Nature directed plans provide for the protection and ecologically responsible use of ecosystems through all scales of time and space. Working primarily with Indigenous Nations and other rural communities, Hammond has developed more than 25 ecosystem-based conservation plans/Nature-directed plans across Canada and in other parts of the world.

Hammond holds a Bachelor of Science in forest science and forest management from Oregon State University and a Masters of Forestry in forest ecology and silviculture from the University of Washington.

He is the author of Seeing the Forest Among the Trees: The Case for Wholistic Forest Use (Polestar Press), which won the Roderick-Haig Brown B.C. Book Prize in 1992 and “Most Significant Contribution” at Bumbershoot Book Fair Awards, 1992; and Maintaining Whole Systems on Earth’s Crown: Ecosystem-based Conservation Planning for the Boreal Forest (Silva Forest Foundation).
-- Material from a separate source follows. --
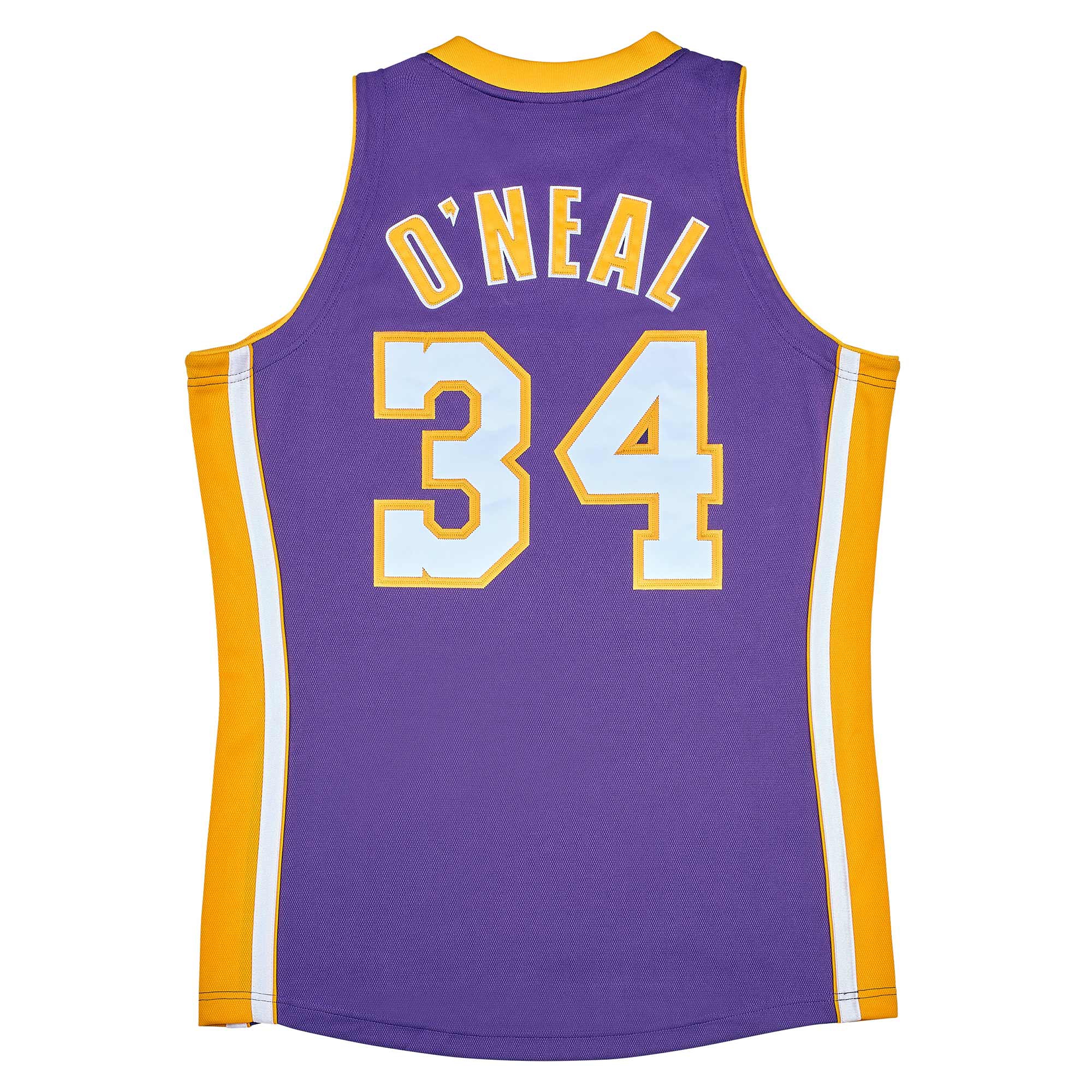 Shaquille O'Neal #34 Los Angeles Lakers 2001-02 Mitchell & Ness Authentic NBA Jersey Purple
He is currently completing a book with two other people on applying nature-directed planning/ecosystem-based conservation planning to restore Nature in urban areas. The book's working title is: Inviting Nature Home: A Nature-Directed Approach to Cities. Herb is also working on a book about Nature and our place in her complex fabric. This book draws on the Indigenous knowledge and ways of being shared with him by many Indigenous people through the years. With assistance from Indigenous collaborators, he hopes to describe a new reality for settler cultures—a reality that is necessary for our survival, and how to get there in the face of the interconnected crises of lack of social equity, climate disruption, and biodiversity loss.

Herb wishes to acknowledge and thank his many Indigenous mentors for sharing their ways of being and knowledge of Nature with him. These teachings form that basis for his ways of relating to Nature, and his work to protect remaining natural spaces and restore natural ecosystems damaged by human activities.